__Exercise details__. Repeat, exactly as written, the lines from the one with "Od Kogo Nie" to the final line of the listing, and keep every picture out.

[Opening Provided material section]

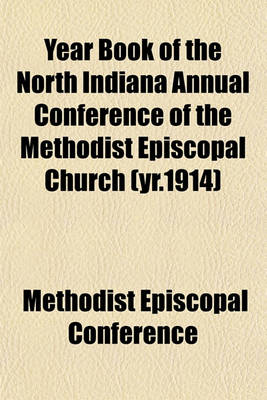 Book cover for Year Book of the North Indiana Annual Conference of the Methodist Episcopal Church (Yr.1914)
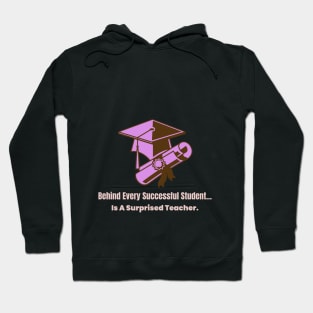 Surprised Crazy Teachers behind Successful Students T-Shirt Hoodie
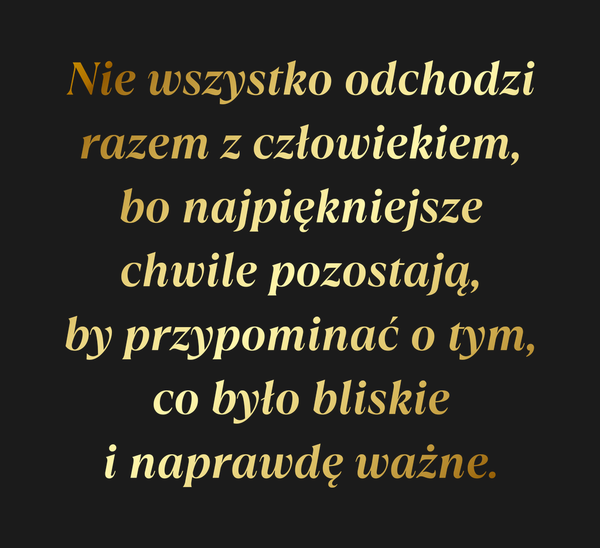 Od Kogo Nie wszystko odchodzi razem z człowiekiem,…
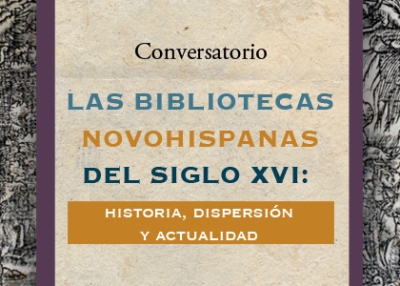 Conversatorio: “Las bibliotecas novohispanas del siglo XVI: historia, dispersión y actualidad”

[Closing Provided material section]

__Exercise solution__.
 Od Kogo Nie wszystko odchodzi razem z człowiekiem,…
 Conversatorio: “Las bibliotecas novohispanas del siglo XVI: historia, dispersión y actualidad”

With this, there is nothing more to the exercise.